I had a young man with his teenage son come by this evening and tell me he shot a deer on the adjoining property(which he said he had permission to hunt) and it ran onto mine which he noticed was posted. He said he thinks it didn't go far but saw my signs and would it be ok to try to retrieve it? I told him sure, no problem, and thanks for asking first. I saw them walking out later without anything so I guess it wasn't down but I had no problem with it since he did everything by the book. It sounds like you tried your best, but there's one born every minute! I encountered the same thing many years ago and was told-"we'll take care of it for you"!!


----------



## lv2fish (Jun 23, 2005)

Yep, the guy was probably burned by someone else prior, and you bore the brunt of his frustration. Plenty of deer around....go shoot another one.


----------



## M.Magis (Apr 5, 2004)

Some people don't like hunting/hunters and there's nothing you can do to change their mind.


----------



## Salmonid (Apr 14, 2004)

My wifes great aunt lives on a beautiful 50 acre farm in Preble county and she actually plants food crops and leaves them up for the deer and other critters and it seems the deer know they are safe there. Every year on 3 sides of her property, there is a stand always set up to overlook her feeding grounds and every year, she finds 2-3 dead gutted and cleaned deer on her property, she is very familliar with the county Game Officer/sherrif and they her. She enjoys the wildlife and works hard to have them on her propery, She cant do anything about the stands since they are 2 feet over the fence line and she is constantly running folks out/off her property, every year she puts up more "No Trespassing " signs and they last about into deer season and then they are all torn down, she has lived there for like 60 years and she does not allow anyone to retrieve deer on her property since most were shot on her property to start with.
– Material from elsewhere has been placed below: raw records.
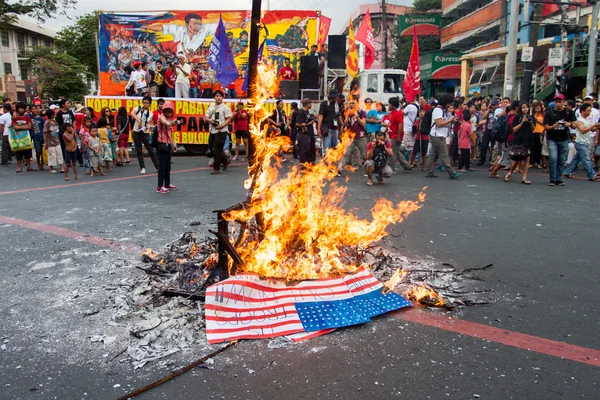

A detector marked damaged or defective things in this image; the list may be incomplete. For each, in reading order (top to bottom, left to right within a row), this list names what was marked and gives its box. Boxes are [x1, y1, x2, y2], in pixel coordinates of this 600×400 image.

burnt wooden stick [116, 340, 238, 400]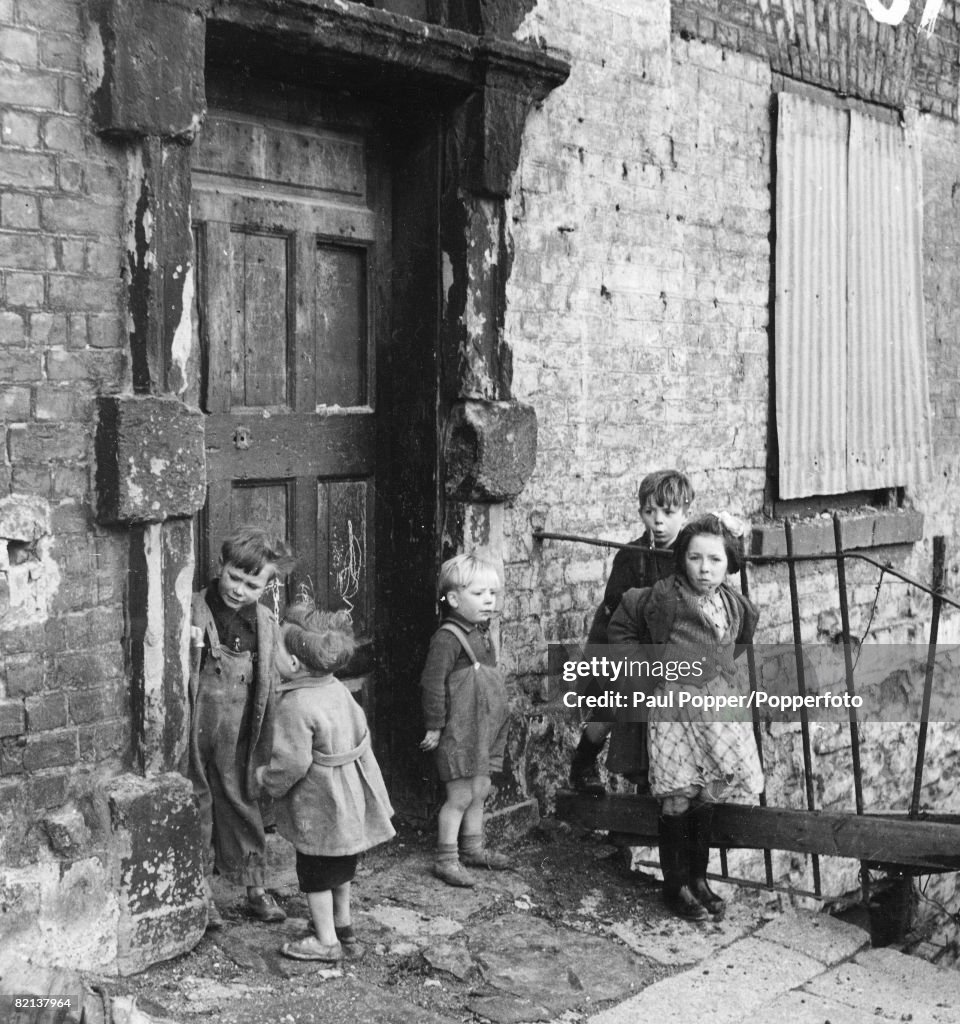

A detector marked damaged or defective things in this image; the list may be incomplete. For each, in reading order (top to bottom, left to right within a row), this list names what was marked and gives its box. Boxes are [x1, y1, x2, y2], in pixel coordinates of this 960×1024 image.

bent metal fence [536, 512, 957, 937]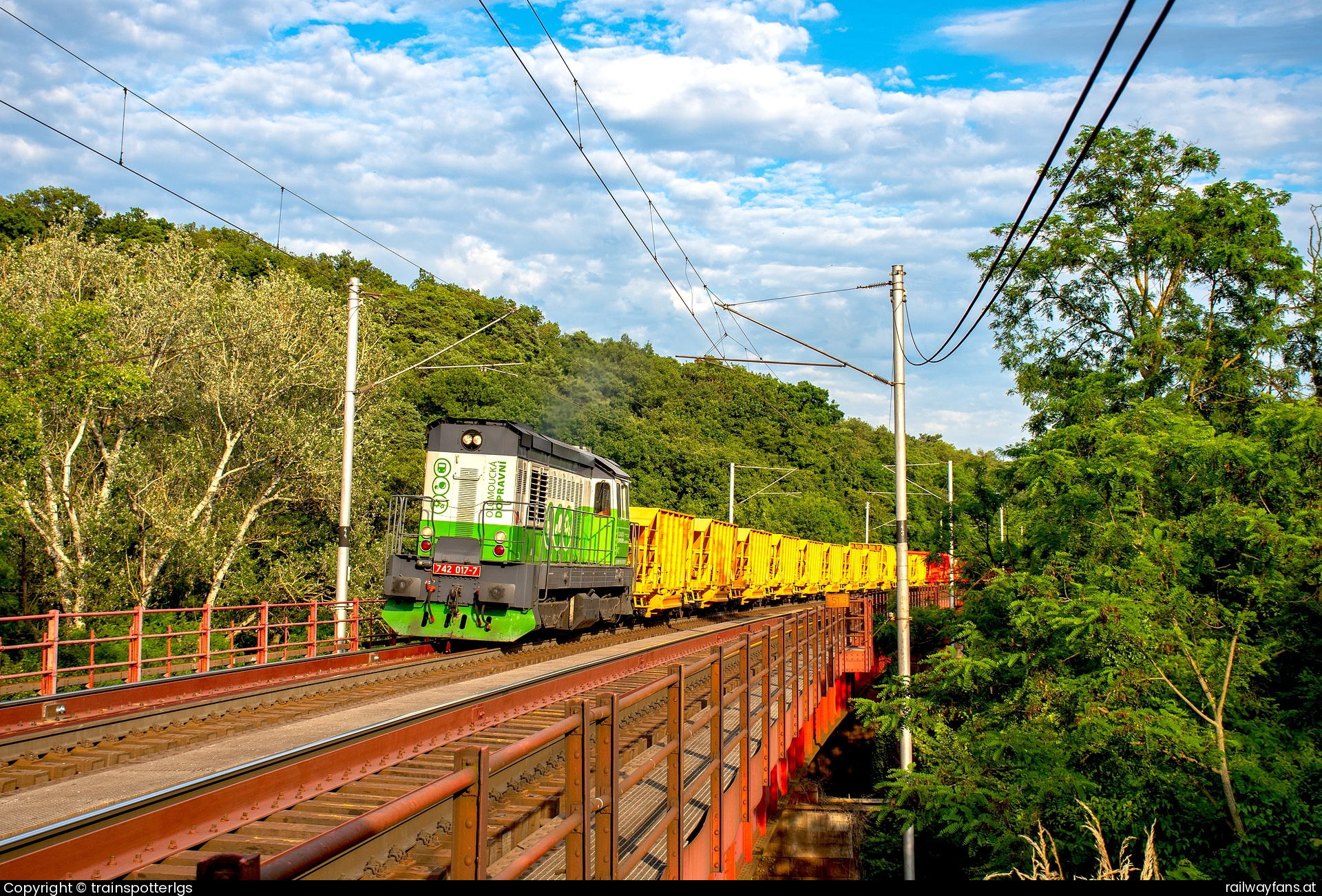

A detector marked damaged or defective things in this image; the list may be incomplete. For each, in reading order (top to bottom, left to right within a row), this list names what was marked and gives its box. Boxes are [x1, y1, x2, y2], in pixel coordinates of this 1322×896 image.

rusty metal post [127, 608, 143, 681]
rusty metal post [197, 608, 210, 676]
rusty metal post [256, 602, 269, 665]
rusty metal post [452, 745, 489, 882]
rusty metal post [563, 697, 589, 882]
rusty metal post [600, 692, 618, 882]
rusty metal post [666, 663, 687, 882]
rusty metal post [713, 650, 724, 872]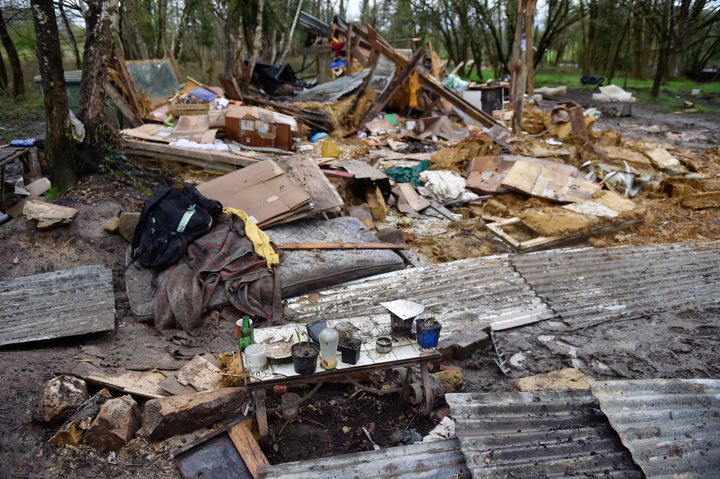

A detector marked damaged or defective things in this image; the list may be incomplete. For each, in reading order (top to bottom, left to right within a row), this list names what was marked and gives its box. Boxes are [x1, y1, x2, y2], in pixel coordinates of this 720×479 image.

broken wooden beam [136, 388, 246, 440]
rusty corrugated roofing panel [256, 440, 470, 478]
rusty corrugated roofing panel [448, 392, 644, 478]
rusty corrugated roofing panel [592, 380, 720, 478]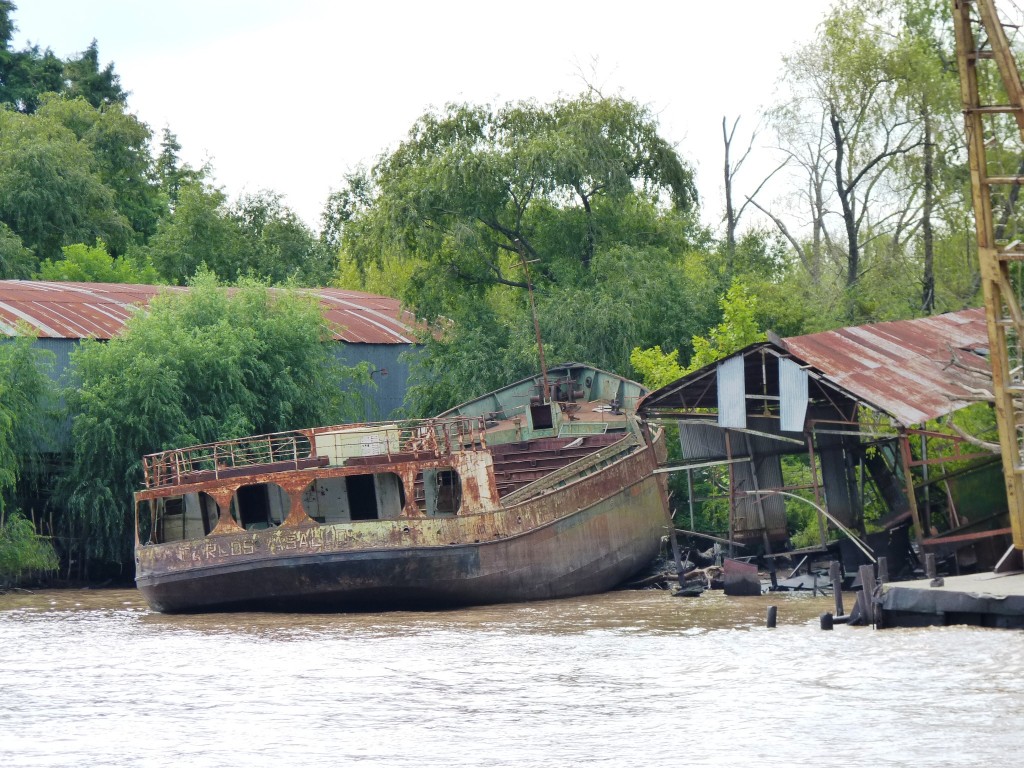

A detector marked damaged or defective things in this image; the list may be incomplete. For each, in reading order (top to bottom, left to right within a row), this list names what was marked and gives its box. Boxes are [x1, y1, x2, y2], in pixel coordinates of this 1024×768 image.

rusty corrugated roof [0, 280, 419, 344]
rusty metal sheet [0, 280, 419, 344]
rusted metal plate [0, 280, 419, 344]
rusty corrugated roof [778, 309, 987, 428]
rusty ship hull [132, 364, 667, 614]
In the old days she would here the gun shots and then go out and chase off the folks, now with the popularity and quitness of the bows, she can not hear them and she exspecially hates them. ( since she cant hear them in action) Did I mention she is always replacing fence since the locals always cut at night and retrieve or hunt her place after dark, then drive in with the 4 wheelers and leave before she can get the sherriff or GO out there. same thing every year, its no wonder folks have a tough time getting permission. I agree wth you folks about letting someone go get one shot elsewhere but also see her point as well. Just thought I would mention that. Ultimately it is other folks who have caused this type of behavior from her so dont blame her, blame the prior local idiots ho ignore the laws. 

Salmonid


----------



## Tiny Tim (Sep 19, 2006)

You did the right thing by asking. I used to hunt on private property and the landowner that bordered it would not give us permission to hunt on his property,but he told us that if we shot one to come and find him and he would go in with us ( no guns ) and find it instead of letting it go to waste. It didnt matter that we saw him several times on our side of the fence late in the season after his bunch had run all the deer off his place. It wasnt our land and we couldnt say anything to him about it.


----------



## buckeyeguy (Aug 20, 2006)

I agree, you did the most ethical thing you could do to find the deer. I would say that upwards of 50&#37; of hunters out there would not go as far as asking the landowner. Years ago we had talked to the neighbors of the property we hunt and everyone said it would be fine if we were to recover a dead deer on their land, as long as it was okay if they did the same. Luckily everyone hunts on their own land and we have had zero problems. We still try to call them before we do anything just to make sure that we don't disrupt their hunting. I'm not sure if the land you were hunting on was yours or not, but you always have the right to tell him no if he has the same problem down the road. It doesn't sound like he hunts though.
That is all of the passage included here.